CALDER Alexander

Alexander CALDER

USA (1898-1976)

Alexander Calder is born in 1898 in Pennsylvania. He first made a name for himself as a sculptor and then as a painter, but later in life he discovered an enthusiasm for tapestry, after meeting Pierre Baudouin in 1961. It was Baudouin who originally transcribed the first of this artist’s designs, and oversaw their weaving, first of all at the Picard workshop and then at the Gobelins (« Composition »  in 1964-1965), of which he had become the artistic consultant in accordance with Malraux’s desire to see contemporary artists of note collaborate with the Manufactures Nationales.
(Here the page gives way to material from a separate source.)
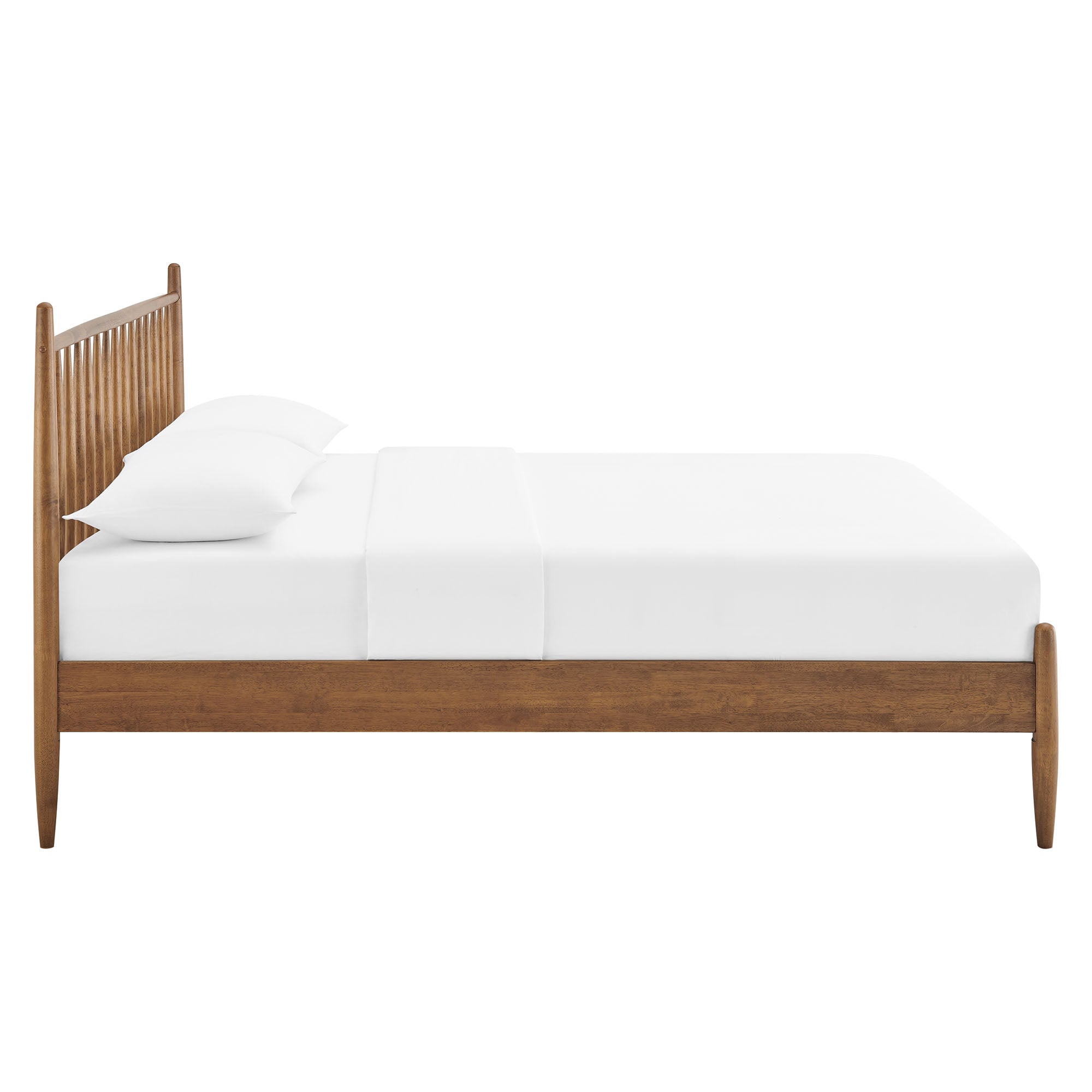 Zane Queen Size Spindle Bed, Walnut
Numerous tapestries of this particular artist would from this point on to the end of his life be woven, most notably at the Pinton workshop. “His compositions in very bright colors of large motifs laid against a plain background are reminiscent of the airiness of his mobiles’’ (M. Jarry, Tapestry, art du XXe siècle, 1974). Of the tens of cartoons by Calder which were woven in Aubusson. We can recognize the abstract motifs and primary colors typical of the artist’s work, here associated with black (the spirals and “pebbles”), white and a rather more unusual pearl-grey which opens up an ample open space . One can also see here an echo of the standing vertical mobiles also created by the artist with their balancing spiral pendulum.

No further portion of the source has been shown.